* What you will do:
Down to the last line of the listing, starting at the one with "Automatic Label Rewinder", retype each line exactly. Do not copy the pictures.

* Data extract:
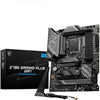 Msi z790 gaming plus wifi socket 1700 moederbord (grijs zwart, raid, 2.5 gb-lan, wi-fi 6e, bt, sound, atx)
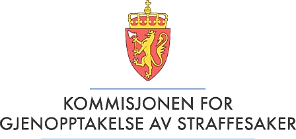 Kommisjonen for gjenopptakelse av straffesaker logo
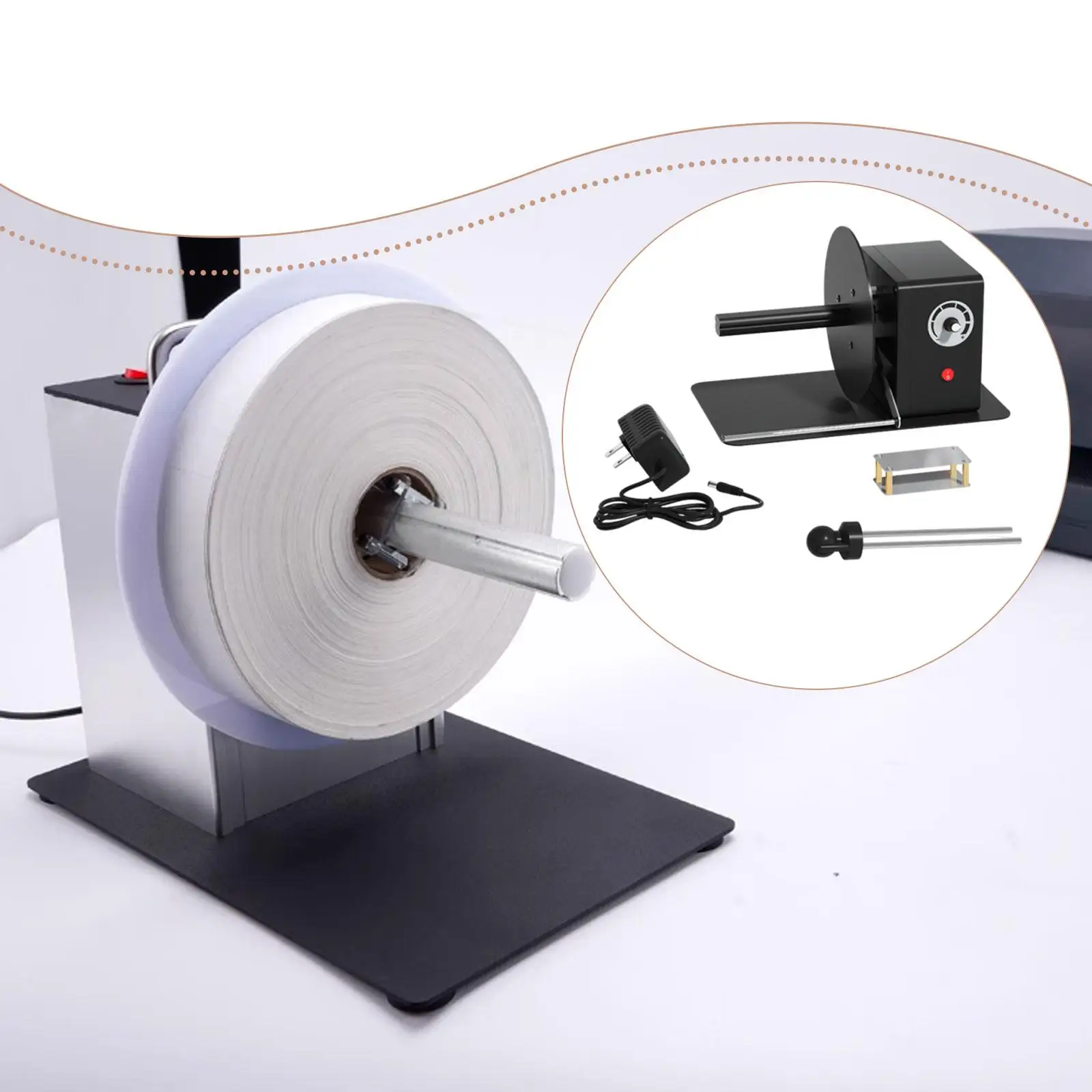 Automatic Label Rewinder for Commercial Electronics Factory Clothing Factory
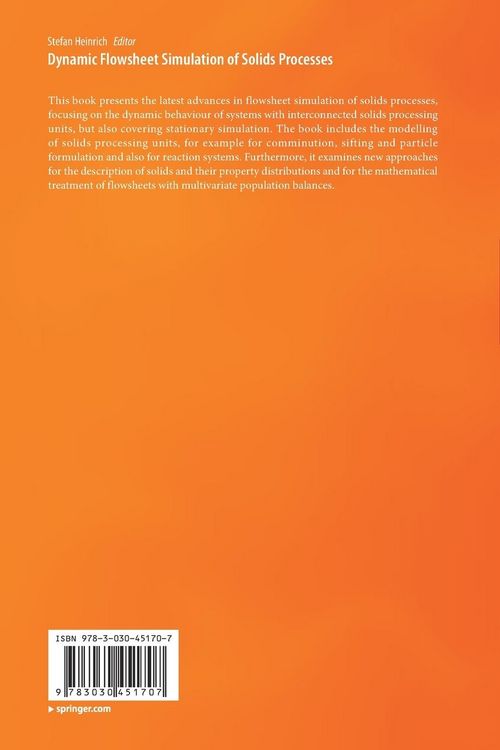 Produktbild: Dynamic Flowsheet Simulation of Solids Processes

* The completed task:
 Automatic Label Rewinder for Commercial Electronics Factory Clothing Factory
 Produktbild: Dynamic Flowsheet Simulation of Solids Processes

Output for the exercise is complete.